Weird Lens Allows Light Field Passthrough for VR Headset

Weird Lens Allows Light Field Passthrough for VR Headset

Light Fields are a subtle but critical element to making 3D video look “real”, and it has little to do with either resolution or field of view. Meta (formerly Facebook) provides a look at a prototype VR headset that provides light field passthrough video to the user for a more realistic view of their surroundings, and it uses a nifty lens and aperture combination to make it happen.


As humans move our eyes (or our heads, for that matter) to take in a scene, we see things from slightly different perspectives in the process. These differences are important cues for our brains to interpret our world. But when cameras capture a scene, they capture it as a flat plane, which is different in a number of important ways from the manner in which our eyes work. A big reason stereoscopic 3D video doesn’t actually look particularly real is because the information it presents lacks these subtleties.

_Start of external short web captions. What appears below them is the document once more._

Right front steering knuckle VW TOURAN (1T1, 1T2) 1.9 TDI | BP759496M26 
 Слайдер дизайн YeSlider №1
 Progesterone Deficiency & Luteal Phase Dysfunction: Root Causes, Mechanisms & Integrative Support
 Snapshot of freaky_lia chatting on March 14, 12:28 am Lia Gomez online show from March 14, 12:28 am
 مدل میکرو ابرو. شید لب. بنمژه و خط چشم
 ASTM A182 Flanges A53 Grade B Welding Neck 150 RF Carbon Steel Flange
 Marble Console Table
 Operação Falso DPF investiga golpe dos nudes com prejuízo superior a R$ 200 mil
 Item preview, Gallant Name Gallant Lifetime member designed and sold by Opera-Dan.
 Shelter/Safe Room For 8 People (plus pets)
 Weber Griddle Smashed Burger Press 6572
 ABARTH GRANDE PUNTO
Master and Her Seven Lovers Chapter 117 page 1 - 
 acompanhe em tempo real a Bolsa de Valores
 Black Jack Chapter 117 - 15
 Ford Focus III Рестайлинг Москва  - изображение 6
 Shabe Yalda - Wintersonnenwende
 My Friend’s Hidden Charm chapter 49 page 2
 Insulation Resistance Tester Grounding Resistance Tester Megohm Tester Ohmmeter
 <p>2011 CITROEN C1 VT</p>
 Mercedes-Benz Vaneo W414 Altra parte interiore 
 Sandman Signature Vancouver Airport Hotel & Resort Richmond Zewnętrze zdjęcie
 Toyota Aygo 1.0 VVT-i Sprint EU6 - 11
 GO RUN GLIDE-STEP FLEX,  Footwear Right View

How is this connected to VR headsets? The video passthrough feature of VR — where one sees the real world via external cameras — is increasingly understood to be an important feature, but has limitations. Visual distortions from software processing are one, but video passthrough also suffers from the same issues that 3D videos have: they just don’t look real, and they don’t actually look 3D. This is more than just a cosmetic problem; it gets in the way of interacting with the world. That includes not just handling items but also things like walking around without bumping into corners, or going down stairs rather faster than one intended.